Expanded facility features
By Haley Williams / Reporter
After an $8.2 million renovation, Del Mar has opened the doors of the new music building.
Featuring over 18,000 square feet of new space to prepare students for a career in the music field, the music building sits adjacent to the Fine Arts Center, “bringing the majority of DMC’s fine arts programs together in a complex-like area of the East Campus,” according to a Del Mar College news release.
The goal of Richter Architects, design architects for the project, was to “provide a harmonious architectural counterpart to the related but individual components of the Del Mar Fine Arts Complex,” which includes the music building, the fine arts building and the recent Drama Theatre addition.
“The project features new facilities and upgrades to existing spaces that set the standard of program excellence as the college plans for the next 50 years,” according to the college’s news release.
The new building includes over 11,000 square feet on the first floor and over 7,000 square feet on the second floor, adding to the building’s existing 29,000 square feet. The new space houses a large rehearsal room with storage, a green room, dressing room and a library for sheet music and a faculty office. Large and small recording studios with well-equipped, state-of-the-art control rooms were also added. The large recording studio includes one permanent and one portable isolation booth.
“The new addition, which for the Sound Recording Technology (SRT) program means two recording studios and control rooms for those studios, will allow us to make recordings in a quality environment that is optimized for exactly that reason,” said Dr. Paul Bissell, associate professor of sound recording technology.
According to Bissell, students will have an overall better learning experience with the new additions, and it will also allow students more time to focus on their projects and practicing their instruments.
“We have been doing most of the projects already, but the setup and overhead has been high,” Bissell said. “When it takes two hours to set up for a one-hour recording, the time on target is low. Now, we have our own spaces.”
Bissell has recently been setting up recording sessions for faculty as well as students, so they “have a quality objective view of their own playing. No more is the single live performance the only document of their hours of work.”
The new recording suites allow students to integrate live performances as well as recording sessions to further their knowledge and accuracy of their art.
“The recording session gives them the ability to have a second chance at a passage that didn’t go so well previously. Live performance is what the Music Department is all about, and that is what is going to be the focus of the studios, but being able to correct a passage that wasn’t the way the performer usually executes it is a powerful tool,” Bissell said.
New classrooms and projectors were also added to the second floor of the music building, along with a “state-of-the-art music technology lab that provides faculty with the ability to communicate individually from the instructor station to each student station in the room,” according to the Del Mar news release.
In addition to the new space in the music building, renovations were also made to the existing building, including new paint, tack boards and lighting in the corridors, integrating the new and old spaces, according to Richter Architects.
Wolfe Recital Hall received a makeover as well, with new carpet and seat upholstery, an updated lighting system, refinished wood paneling and stage floor and new stage curtains.

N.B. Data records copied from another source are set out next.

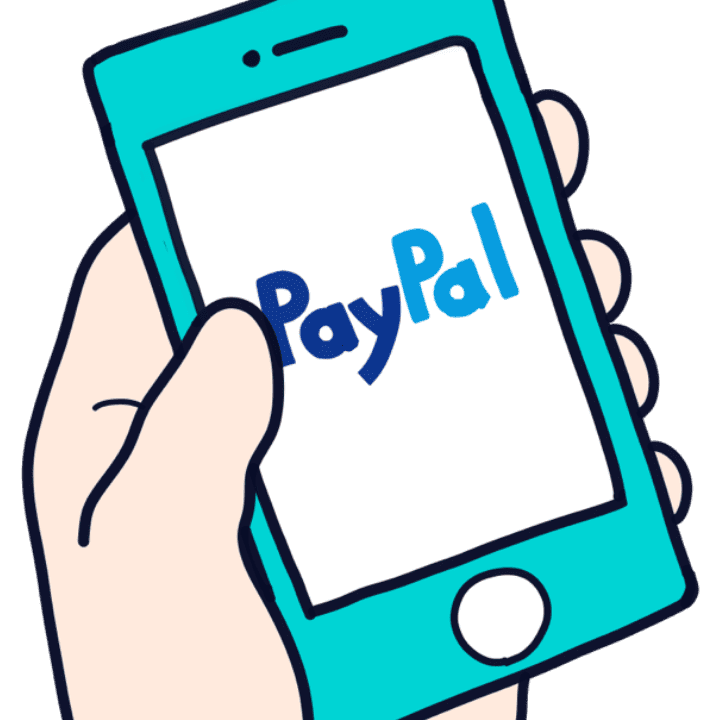 Paypal's icon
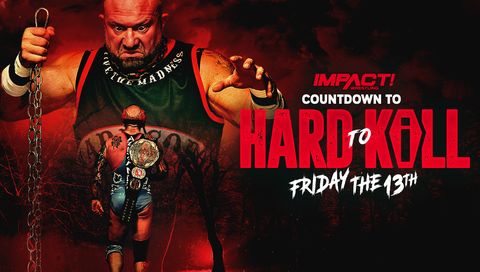 Countdown to Impact Wrestling: Hard to Kill 2023 Countdown to Impact Wrestling: Hard to Kill 2023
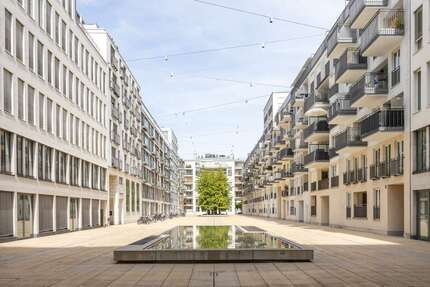 Wohnung zum Kaufen in München Maxvorstadt 798.000 € 68.54 m² 2 zimmer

The Wolfe Recital Hall lobby was updated with a new entry vestibule, new carpet, acoustical ceiling panels and new lighting, according to Richter Architects. The opening of the new building allows students to increase the passion that they already have for music and the fine arts.

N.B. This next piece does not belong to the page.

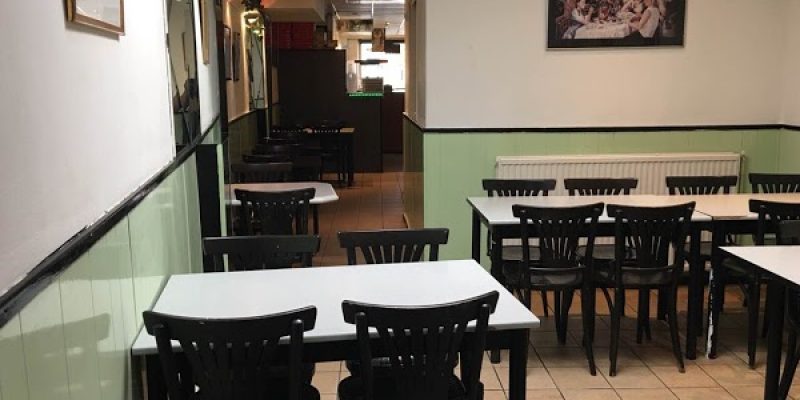 Grillroom Pizzeria Amon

“The new facilities are great,” Bissell said, “but the students have got to want more than good-looking wood floors and a console with moving faders. No one plays the trumpet because it is shiny.”
“The studio facilities are just ‘enablers’ that allow the process of recording, and teaching recording to happen, without nearly as many extrinsic barriers,” Bissell added. “If the look of the space and the technology draws the students in, that is great.”
One of the most noticeable features of the new music building is the sweeping glass concave wall. According to Richter Architects, the wall refers to a metaphorical music staff that can be used as an acoustic backdrop for outdoor performances and “provides a dramatic delineation to campus core.”
Del Mar College’s music program was one of the first community colleges to earn accreditation by the National Association of Schools of Music, and is also the origin of the official Texas Jazz Festival, the Corpus Christi Symphony and the Corpus Christi Chorale.